§ Short descriptive text snippets
══════════
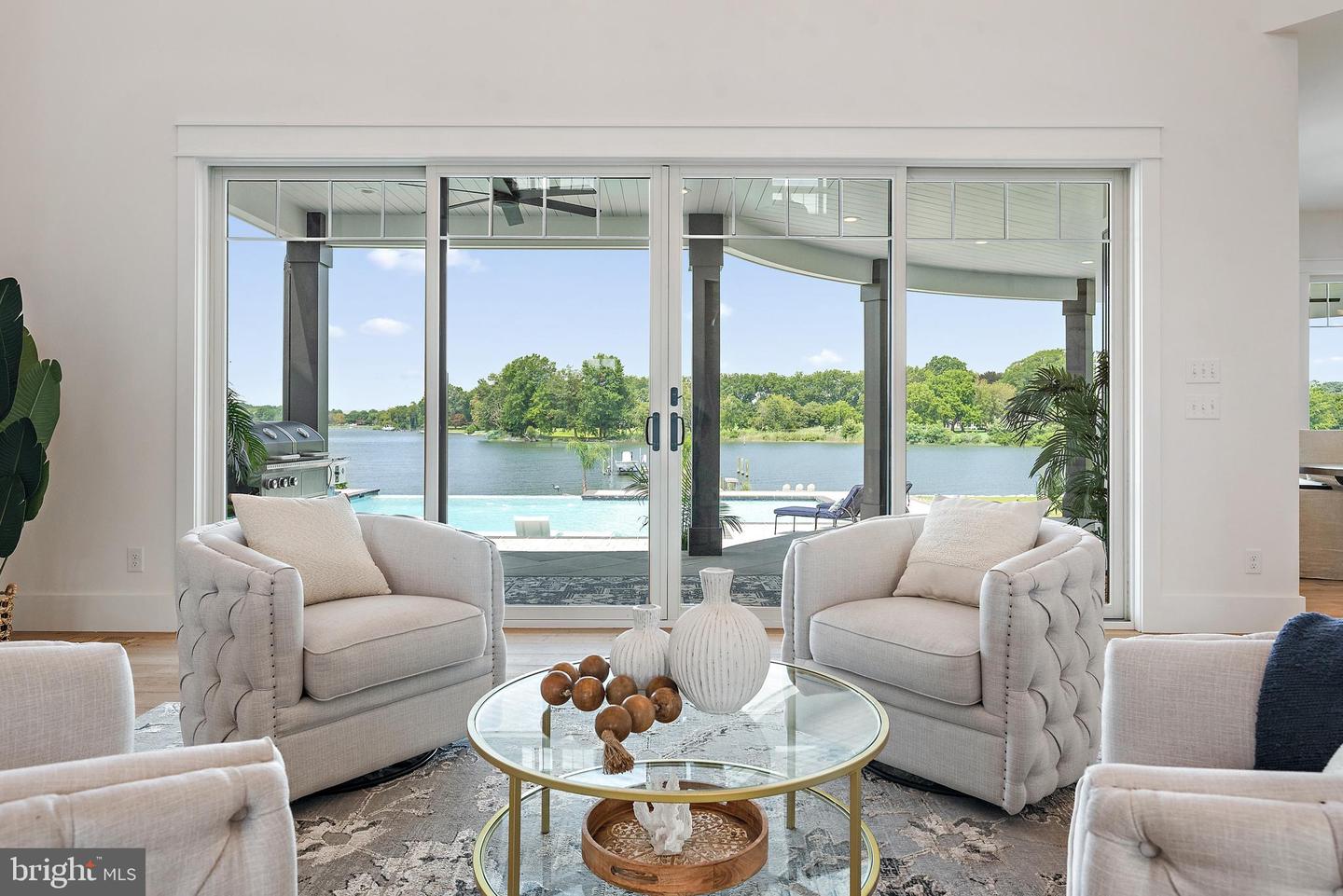 Queenstown, Maryland, 21658, United States, 5 Bedrooms Bedrooms, ,5 BathroomsBathrooms,Residential,For Sale,1907636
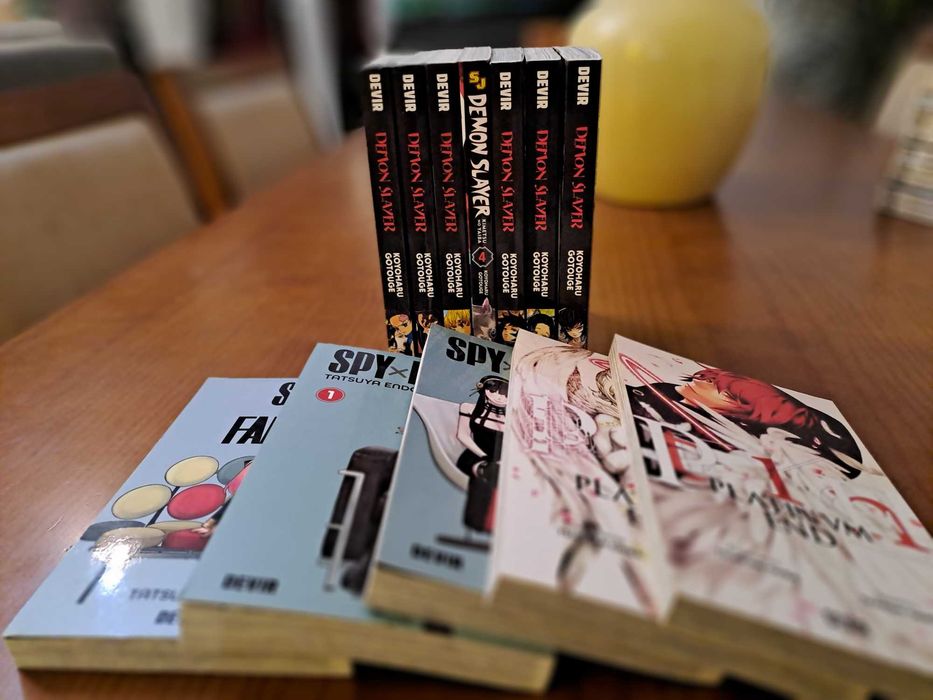 Livros Mangás Novos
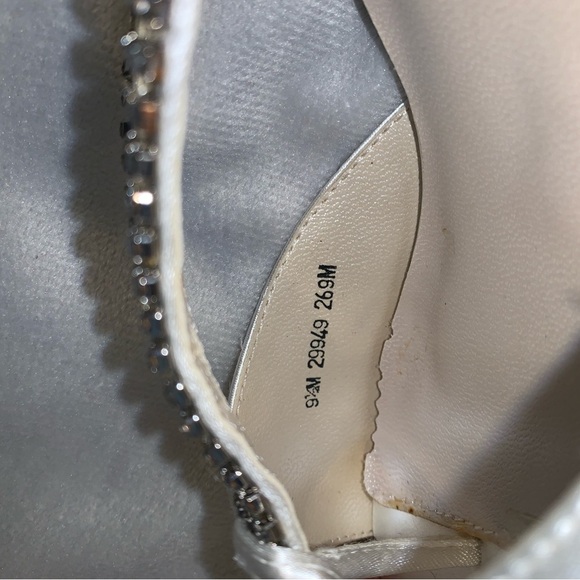 Touch Ups white satin thong kitten heel rhinestone strap size 9.5 Sandals bride - Picture 7 of 10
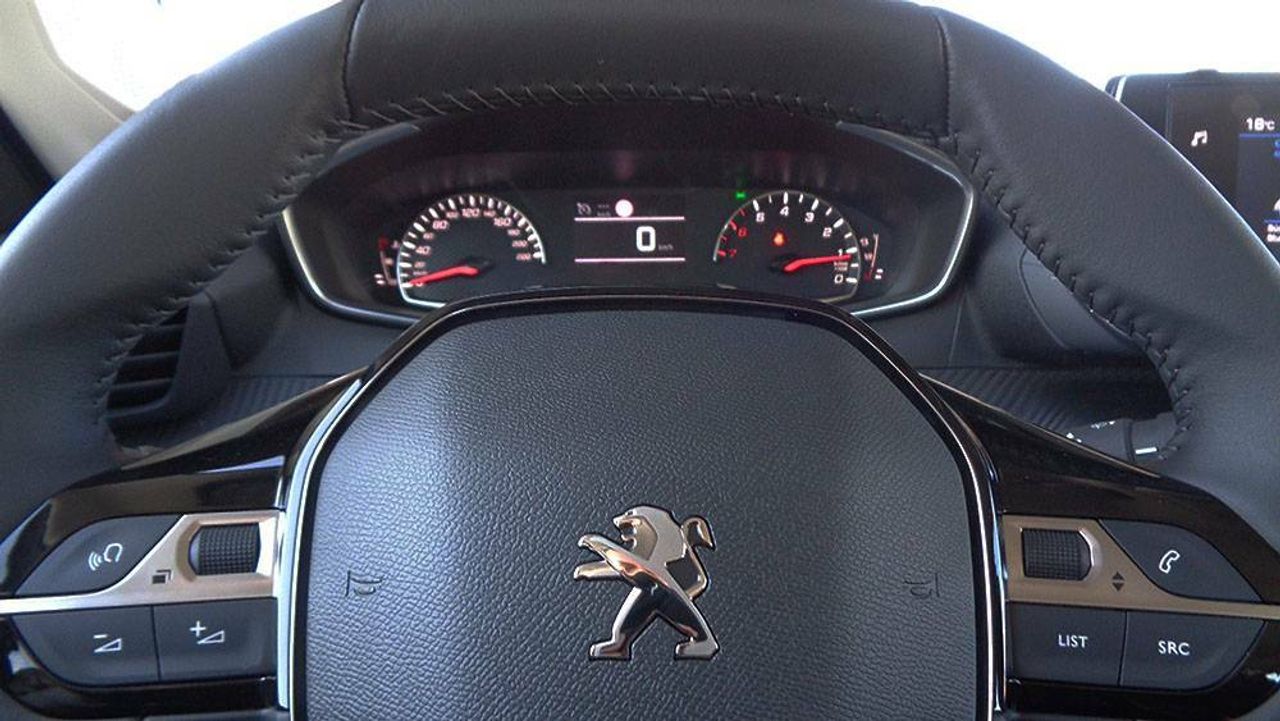 Foto Peugeot 208 12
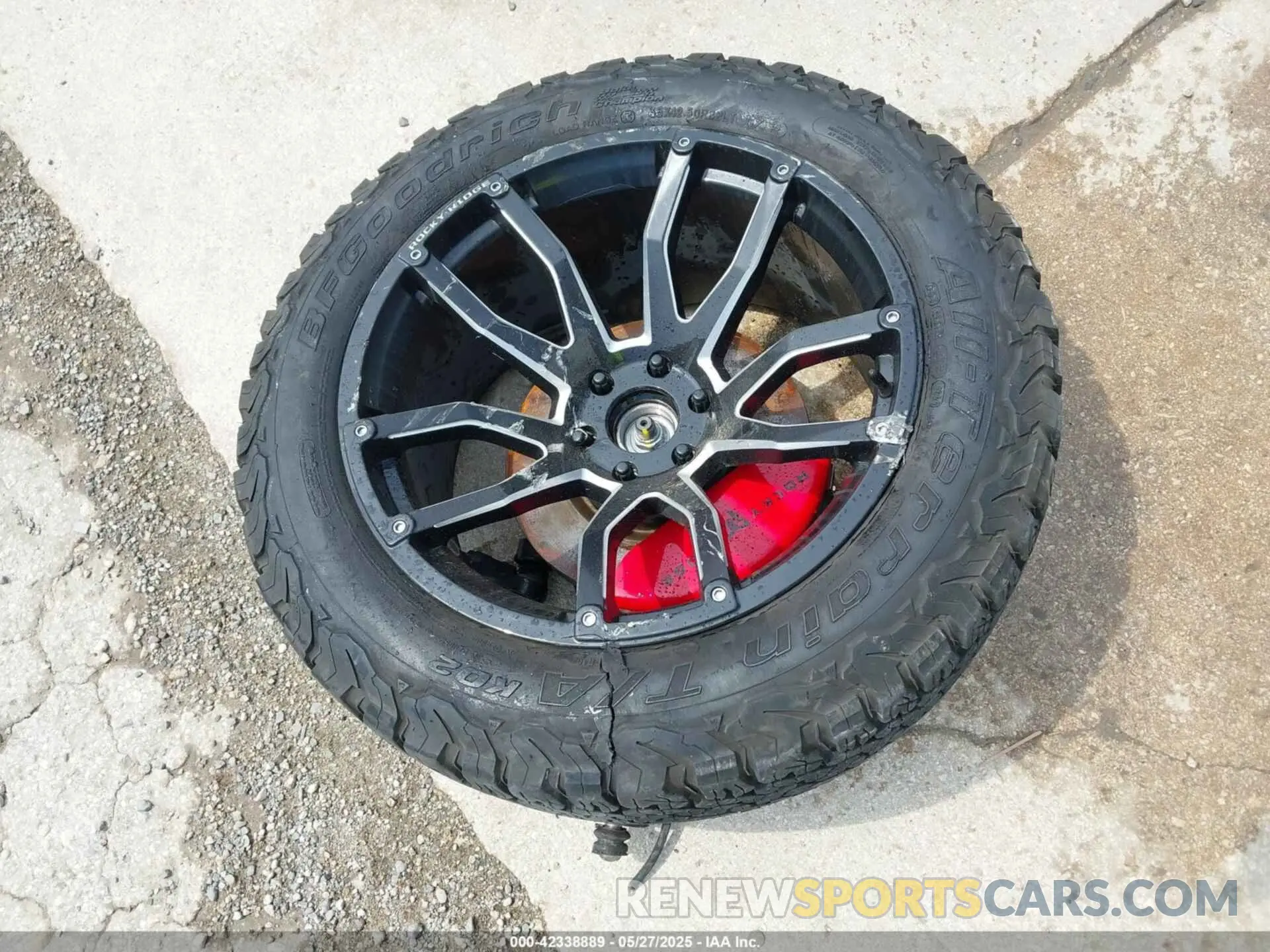 12 Photograph of a damaged car 1C6SRFFT8PN533415 RAM 1500 2023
══════════
§ Task directions
Starting at the line containing "Foto Peugeot 208 12", output every remaining line of the records above exactly, the last one included. Nothing else belongs in the output, and no pictures either.

§ Answer below
 Foto Peugeot 208 12
 12 Photograph of a damaged car 1C6SRFFT8PN533415 RAM 1500 2023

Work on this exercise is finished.